2007
Oom Gilberto’s geheugen
Oktober 2007


Oom Gilberto’s geheugen

Toen ik voor het eerst leerde wat verordeningen voor de doden inhielden, werd ik geïnspireerd door de grote liefde die mijn man zijn grootmoeder betoonde door ervoor te zorgen dat haar tempelverordeningen werden verricht. Daardoor werd ik gemotiveerd om meer over mijn eigen voorouders te weten te komen. In de jaren die sindsdien zijn verstreken, hebben veel broeders en zusters, inclusief de medewerkers van het centrum voor familiegeschiedenis in mijn woonplaats, Guadalajara (Mexico), mij geholpen met het werk voor mijn voorouders.

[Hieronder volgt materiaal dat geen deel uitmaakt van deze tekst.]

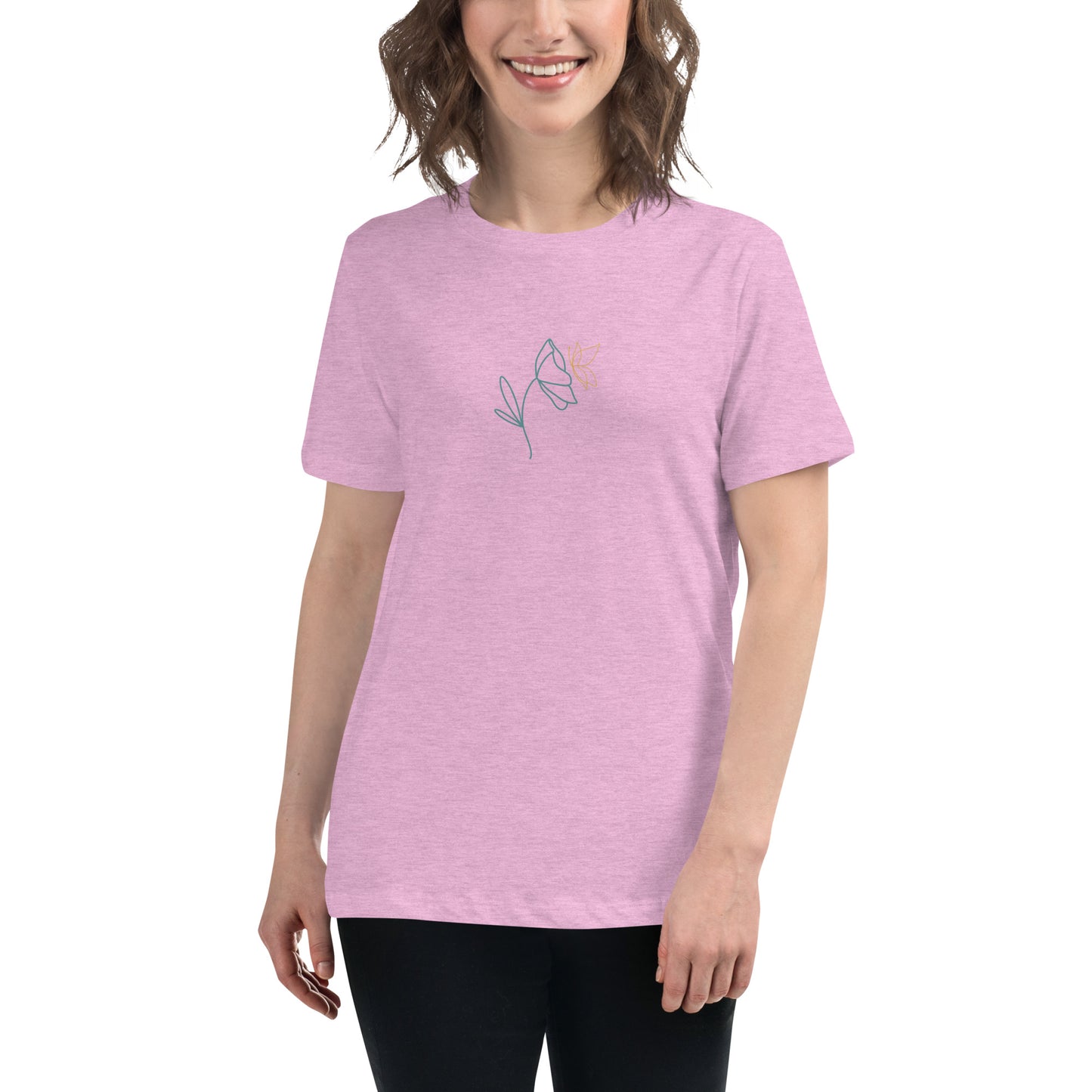 Woman wearing a heather prism lilac relaxed tee with a minimalist flower graphic design, embodying comfortable and authentic fashion by BYOL.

In 1991 kreeg ik mijn patriarchale zegen en kreeg ik de opdracht om mij bezig te houden met mijn overleden familieleden en mij aan hen toe te wijden. Ik stelde mijzelf tot doel om dat inderdaad te doen, wat tot dagelijkse discussies leidde met mijn ouders, die geen lid van de kerk waren. Ik stelde mijn familie veel vragen, maar mijn moeder kon me alleen maar over mijn grootouders vertellen.

Op een dag vertelde mijn moeder me dat oom Gilberto, de broer van mijn vader, een hartaanval had gehad. ‘Ik weet zeker dat hij met je zou willen praten’, zei mijn moeder. ‘Hij heeft een erg goed geheugen en zou je veel over de familie kunnen vertellen.’

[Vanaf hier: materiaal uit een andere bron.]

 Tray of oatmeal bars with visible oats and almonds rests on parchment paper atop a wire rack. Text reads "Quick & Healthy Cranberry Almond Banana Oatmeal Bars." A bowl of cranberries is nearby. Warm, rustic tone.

Toen ik hem belde in het verpleeghuis, nam zijn vrouw de telefoon aan en zei dat het slecht ging met mijn oom en dat hij niet met me kon praten. Ik wenste hem beterschap en zei haar dat ik voor hem en hun gezin zou bidden.

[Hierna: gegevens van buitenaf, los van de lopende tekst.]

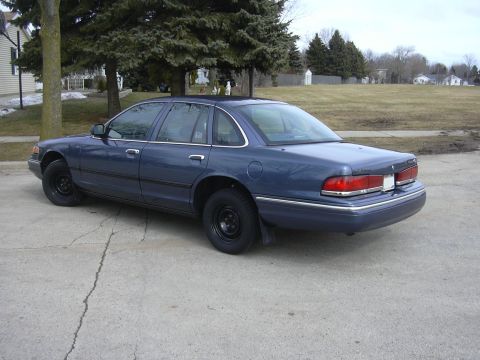 1996 Ford Crown Victoria - Rear 3/4 view of a blue 1995 Ford Crown Victoria sedan parked on a cracked concrete driveway.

De volgende dag belde ik weer. Tot mijn verbazing nam mijn oom zelf de telefoon aan.

‘Oom Gilberto!’ zei ik. ‘Ik bel om u te zeggen dat ik hard voor uw genezing heb gebeden, en dat ik van u houd.’

‘Dankjewel, Bibi’, antwoordde hij. ‘Toen ik vanmorgen wakker werd, voelde ik me veel beter. Vertel eens hoe het met je gaat.’

Ik vertelde hem dat ik graag de namen wilde weten van familieleden uit Arabië en Libanon. Mijn moeder had gelijk wat mijn ooms geheugen betreft. Hij wist de gegevens van namen, datums en plaatsen voor vier generaties aan mijn vaders kant van de familie.

Toen ik ophing, had ik het gevoel dat ons gesprek het laatste zou zijn dat we in dit leven zouden hebben. Ik had gelijk. Maar de Heer zegende ons allebei zodat ik gegevens kon krijgen waarmee ik onze familieleden kon verenigen — zowel in dit leven als in de eeuwigheid.